Inés M. Pousadela, a Senior Research Specialist at Civicus, a global alliance of civil society organizations, also comments: “Climate activists, human rights defenders, indigenous communities and peace advocates have the most to lose from the agenda of their next government. …De la Espriella [has promised] resuming aerial bombardments against armed groups… For communities living in territories where armed groups overlap with extractive industries, this is not an abstract political debate. Human rights organizations have warned that returning to an all-out military offensive will be devastating for civilians, particularly environmental defenders and indigenous communities already facing lethal threats. Colombia is the deadliest country in the world for environmental and land rights defenders. The situation is likely to worsen.”

And Lara Loaiza Arias, a Colombian journalist and editor at NACLA (the North American Congress on Latin America), comments: “[De la Espriella] has proposed a ‘Plan Colombia 2.0,’ a remake of the multibillion-dollar U.S.-Colombia security initiative of the early 2000s, which resulted in serious human rights violations by the armed forces and ultimately failed to significantly reduce drug trafficking and violence.”

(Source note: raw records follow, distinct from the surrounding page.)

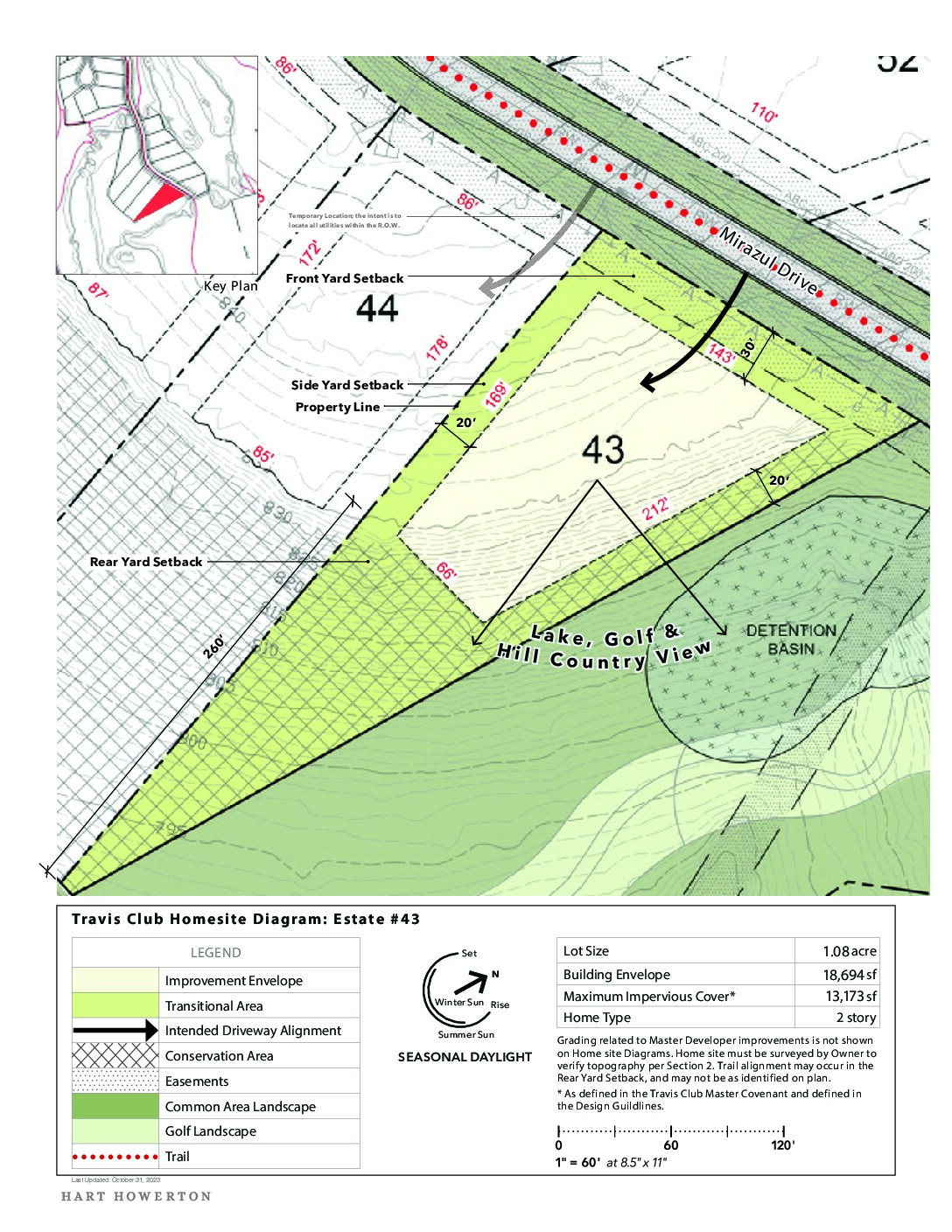 Travisclub homesite diagram 43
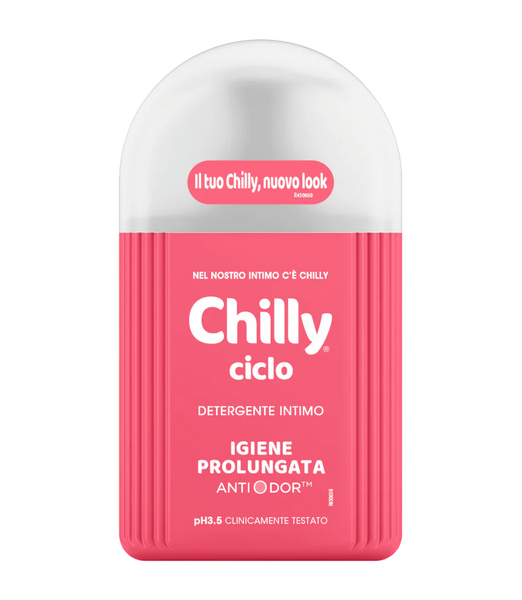 CHILLY   - ANTI ODOR FEMININE GEL WASH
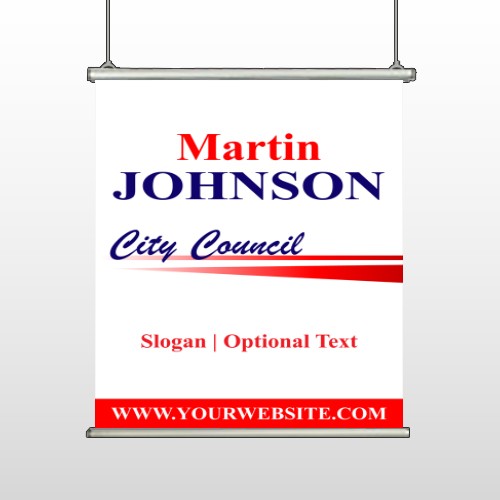 City Council 310 Hanging Banner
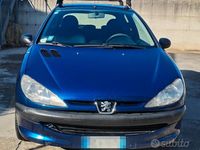 Usata Peugeot 206 60 CV (44 kW) 2002 Blu Utilitaria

PBI accompanied organizations

After the first round in this election, the Regional Corporation for the Defense of Human Rights (CREDHOS) posted on social media: “Less than 24 hours after the presidential elections, a pamphlet attributed to the ACSN [the Association of Self-Defense Forces of Colombia] circulated, declaring several people in the municipality as military targets, including social and political leaders linked to the Municipal Human Rights Committee, CREDHOS, and the Historic Pact.”

Their post adds: “These events are occurring in a context of high political tension and disputes over economic interests associated with extractive projects in the territory, including the possibility of enabling hydrocarbon exploitation through fracking.”

CREDHOS is opposed to fracking, a form of fossil fuel extractivism that de la Espriella supports.

And during a Peace Brigades International-supported advocacy tour in Europe just prior to the second round vote, Nydia Erika Bautista Foundation legal coordinator Andrea Torres Bautista told the publication El Salto: “[If the extreme right wins the election, the Comprehensive Law for the Protection of the Rights of Women Searchers] is not going to be implemented, it is going to remain on paper and there will be no guarantee of protection or recognition of women seekers.”

Bautista further stated: “But also, I think our lives are at stake. In other words, I am personally afraid that if the right wing wins, they will kill us, they will continue to physically attack us, they will continue to persecute us, they will continue to harass us, forced disappearances will increase and the security situation and guarantee to continue doing our work will no longer exist. …[We] feel that there will be no guarantee for the organizations, much less for the women searchers who have denounced the State, who have denounced the military, the paramilitaries, the guerrillas.”

De la Espriella will be sworn into office on August 7 for a four-year term.

We continue to follow the implications of the new president of Colombia on the safety and security of human rights defenders.